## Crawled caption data
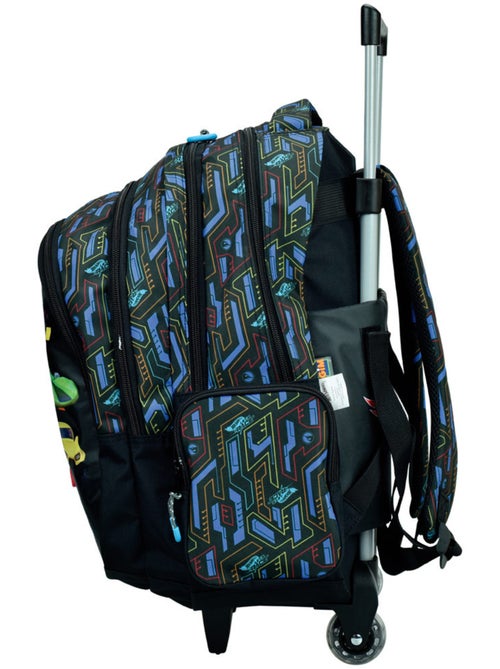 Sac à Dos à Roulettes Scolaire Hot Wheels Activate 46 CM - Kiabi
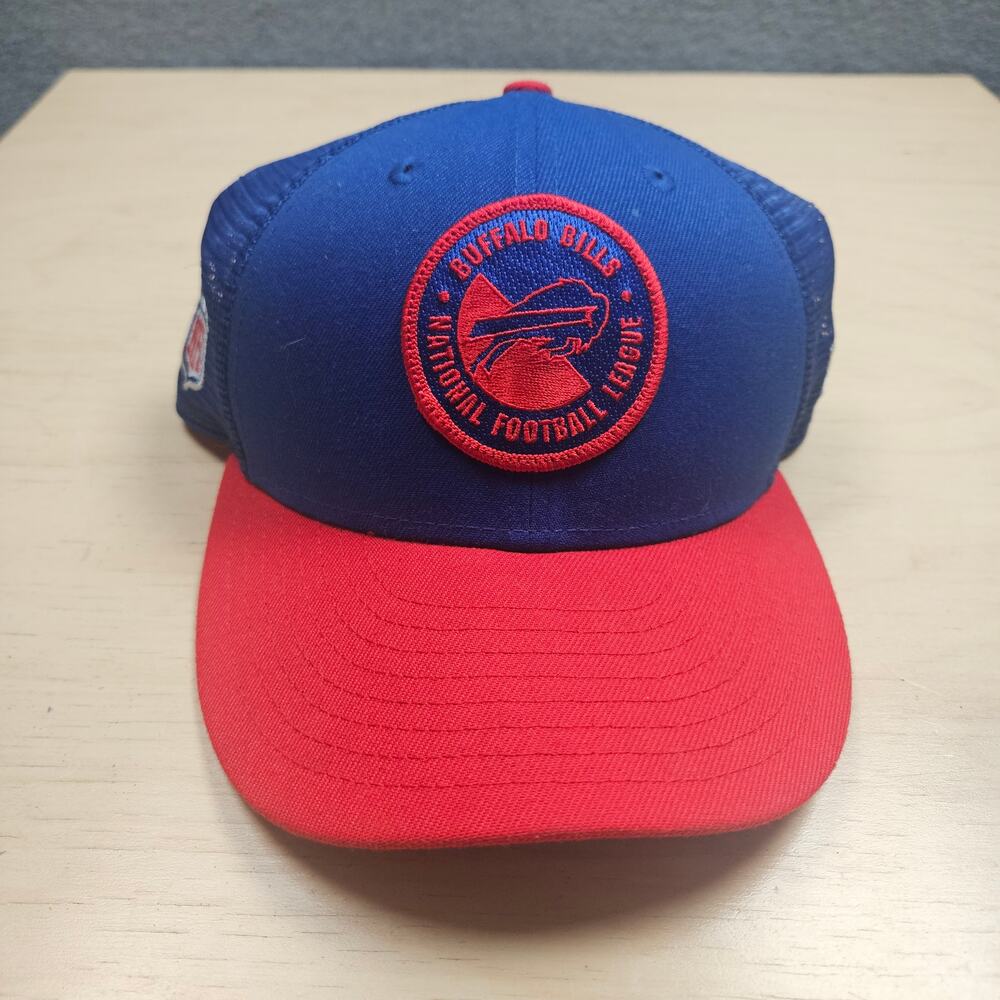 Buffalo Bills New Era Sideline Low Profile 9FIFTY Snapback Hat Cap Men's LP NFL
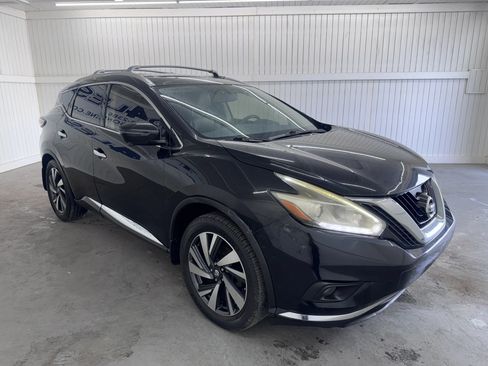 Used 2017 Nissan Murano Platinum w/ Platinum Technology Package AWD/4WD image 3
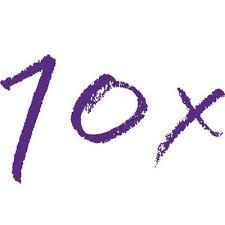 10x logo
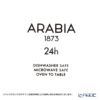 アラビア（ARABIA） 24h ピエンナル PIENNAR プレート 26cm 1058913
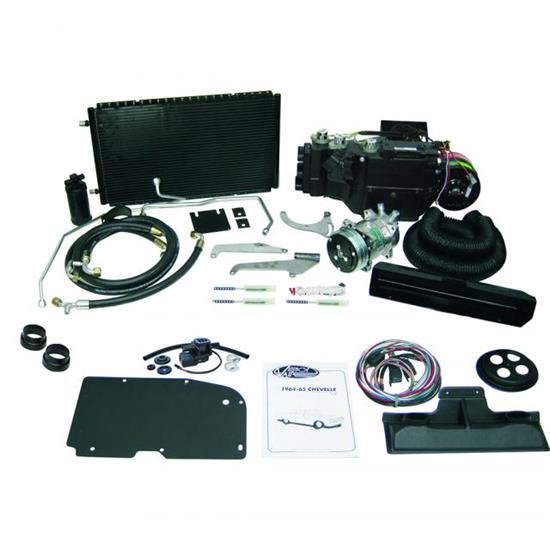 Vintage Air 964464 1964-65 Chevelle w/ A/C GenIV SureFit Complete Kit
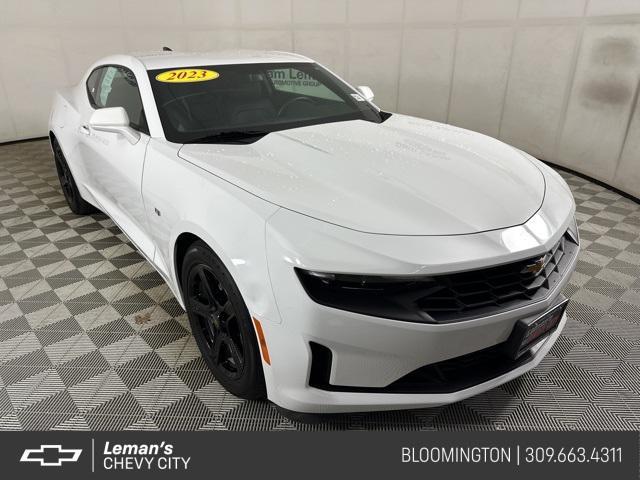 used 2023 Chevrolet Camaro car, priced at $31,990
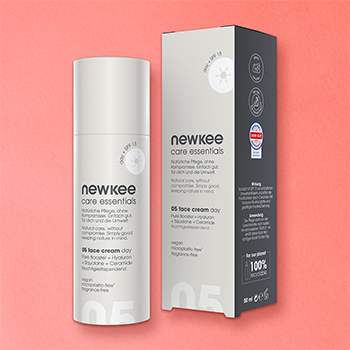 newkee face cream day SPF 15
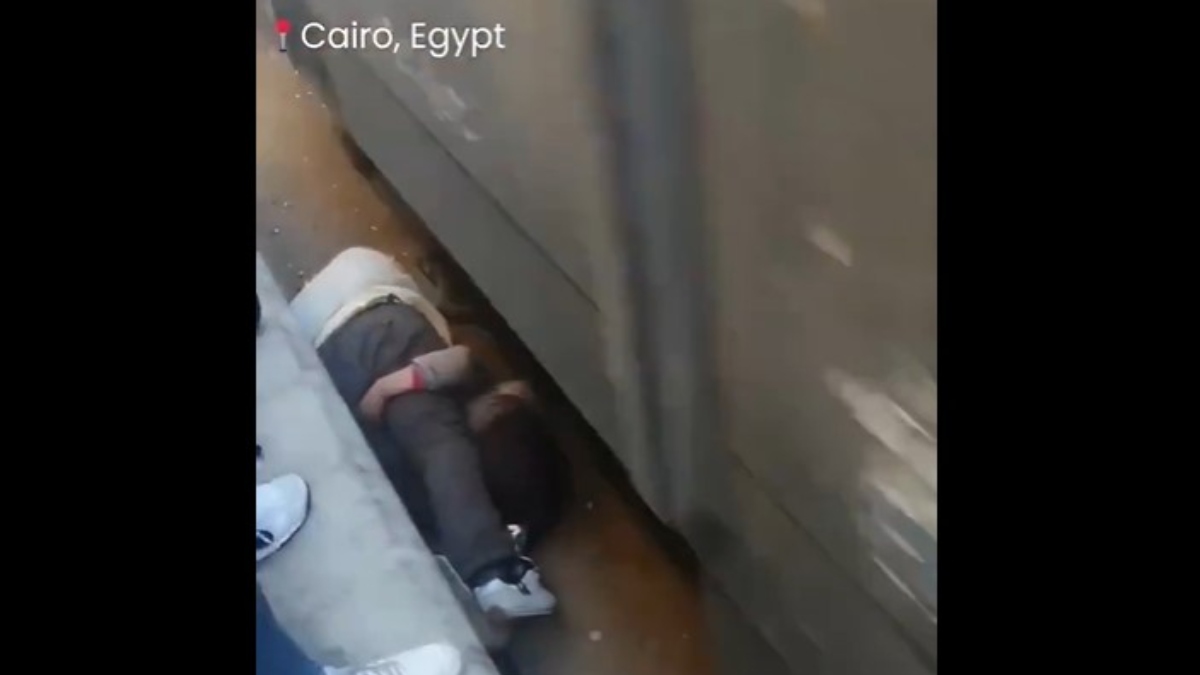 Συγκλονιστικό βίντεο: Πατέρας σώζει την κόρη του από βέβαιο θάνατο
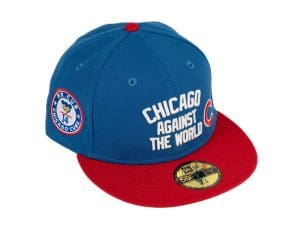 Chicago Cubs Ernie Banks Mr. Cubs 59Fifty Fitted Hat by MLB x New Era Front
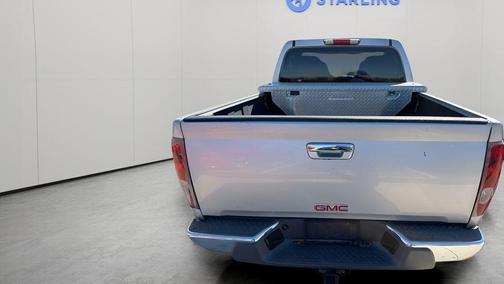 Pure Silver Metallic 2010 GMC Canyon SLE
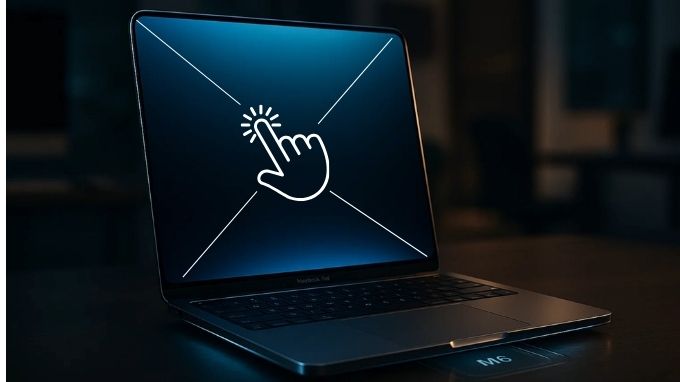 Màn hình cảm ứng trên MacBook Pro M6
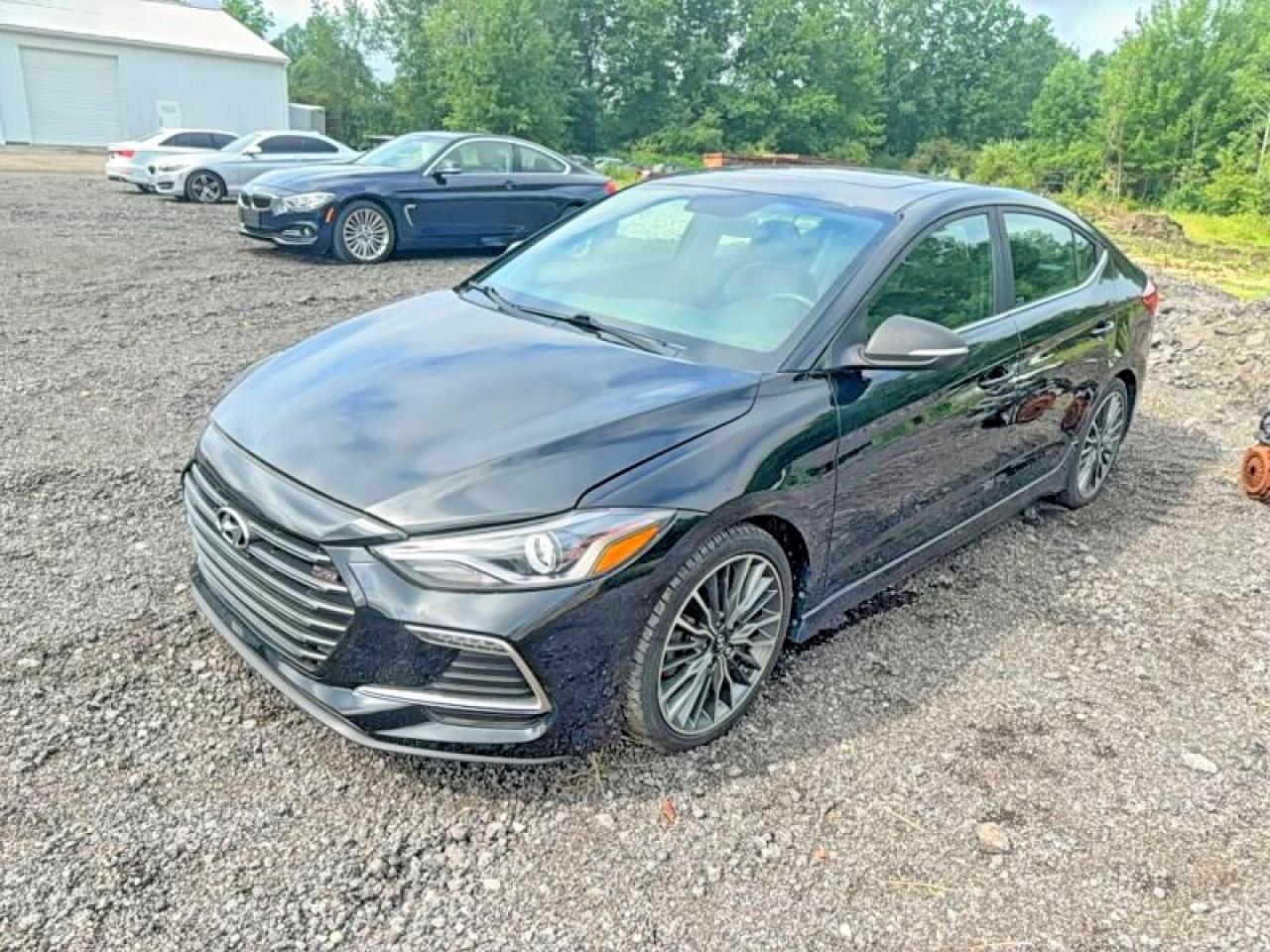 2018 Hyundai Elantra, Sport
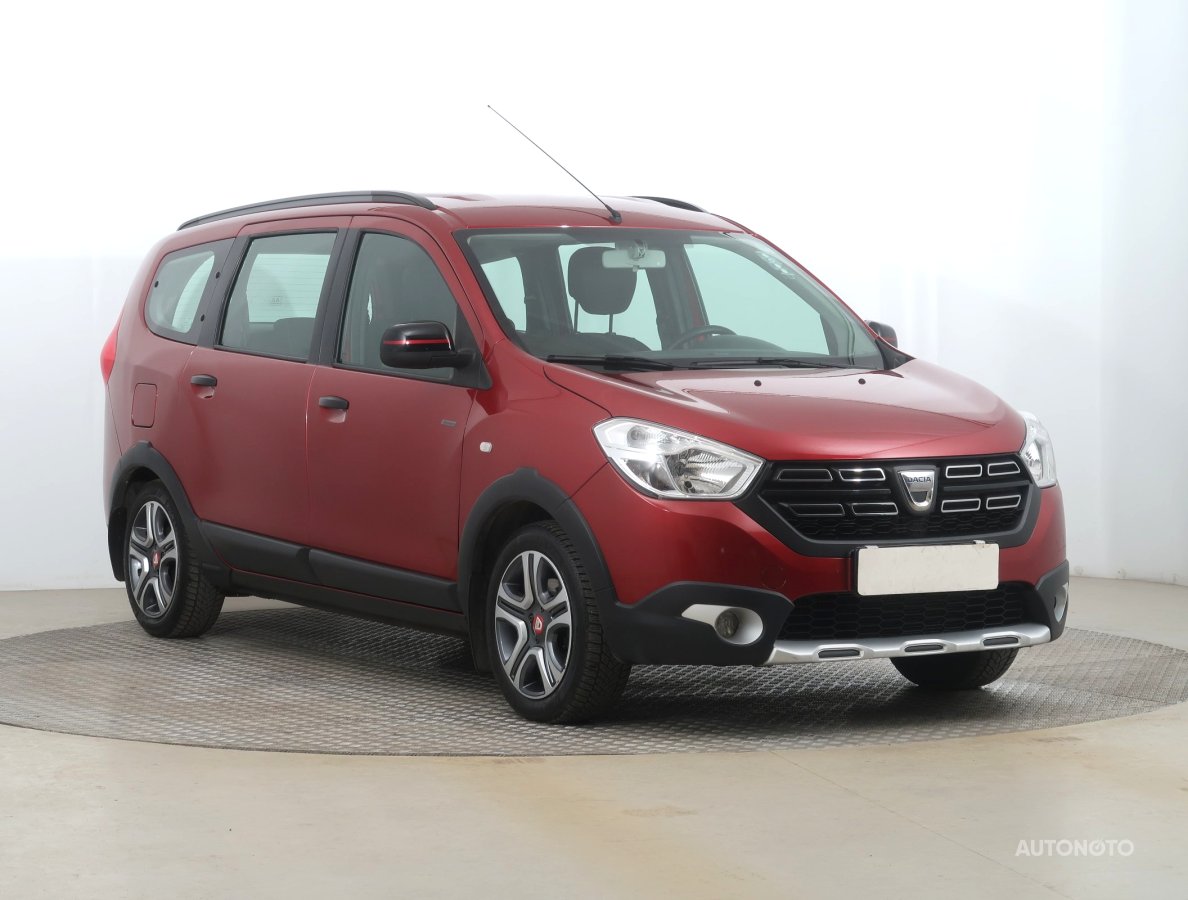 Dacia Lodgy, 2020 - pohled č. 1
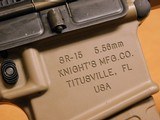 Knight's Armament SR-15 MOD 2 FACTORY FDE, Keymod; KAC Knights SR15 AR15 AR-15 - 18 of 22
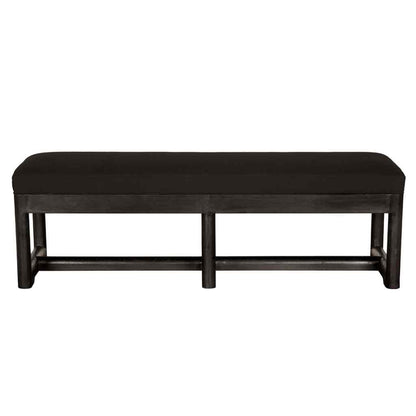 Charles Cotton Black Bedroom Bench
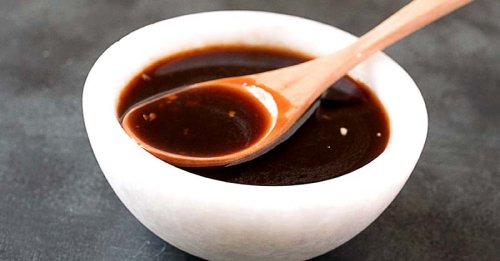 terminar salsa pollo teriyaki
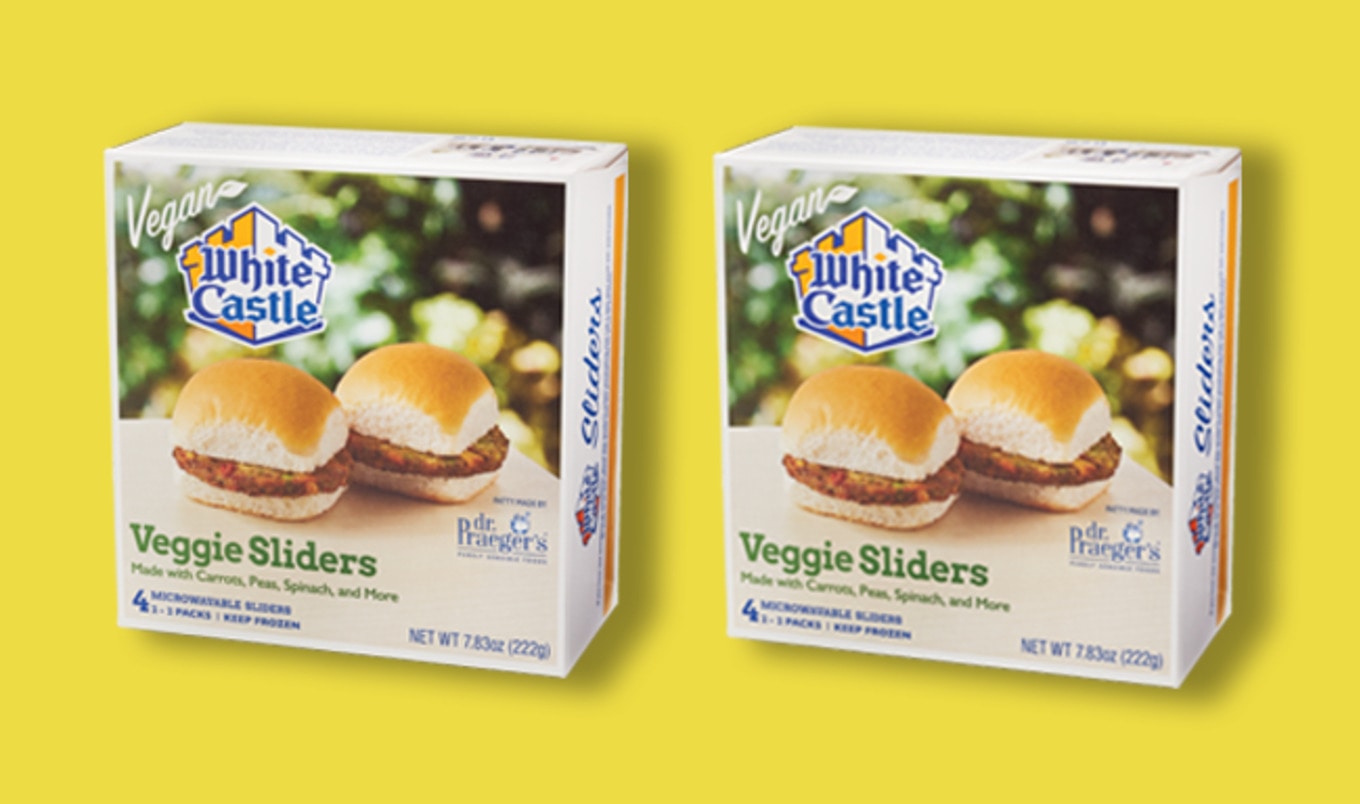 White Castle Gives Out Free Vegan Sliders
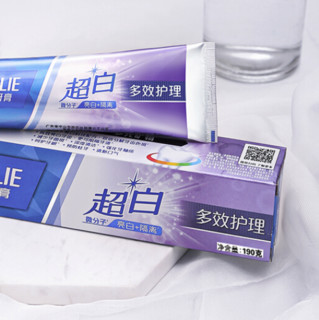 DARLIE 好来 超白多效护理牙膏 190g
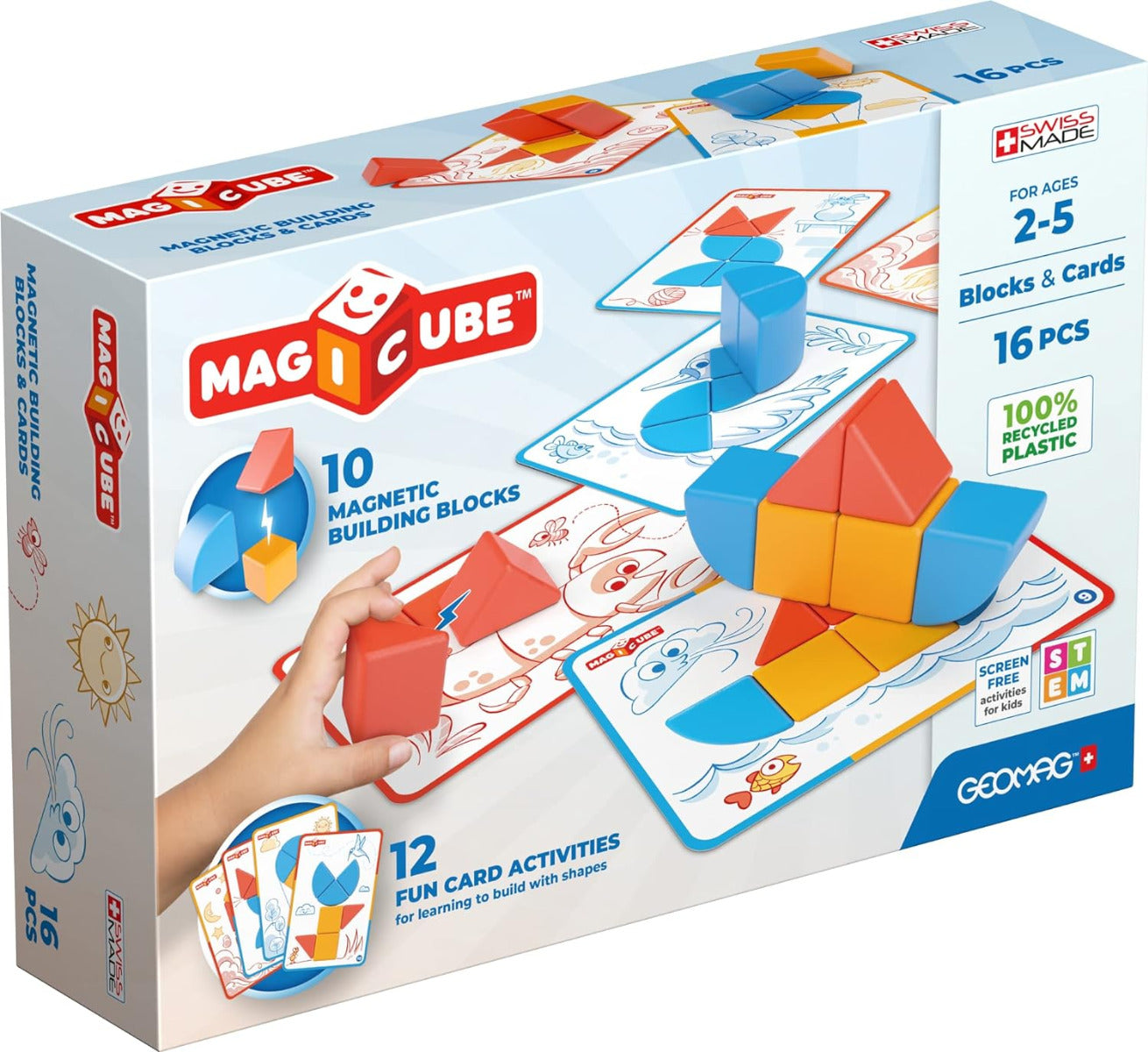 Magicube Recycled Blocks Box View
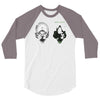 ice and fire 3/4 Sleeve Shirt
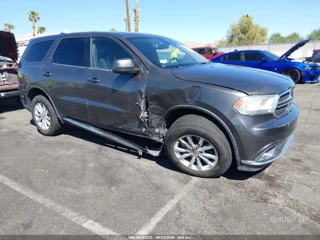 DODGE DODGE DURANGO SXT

## Assignment
Here the job is to copy the stretch of records from the line containing "Συγκλονιστικό βίντεο: Πατέρας" through the line containing "Knight's Armament SR-15", word for word. Leave every picture out.

## Answer to this task
 Συγκλονιστικό βίντεο: Πατέρας σώζει την κόρη του από βέβαιο θάνατο
 Chicago Cubs Ernie Banks Mr. Cubs 59Fifty Fitted Hat by MLB x New Era Front
 Pure Silver Metallic 2010 GMC Canyon SLE
 Màn hình cảm ứng trên MacBook Pro M6
 2018 Hyundai Elantra, Sport
 Dacia Lodgy, 2020 - pohled č. 1
 Knight's Armament SR-15 MOD 2 FACTORY FDE, Keymod; KAC Knights SR15 AR15 AR-15 - 18 of 22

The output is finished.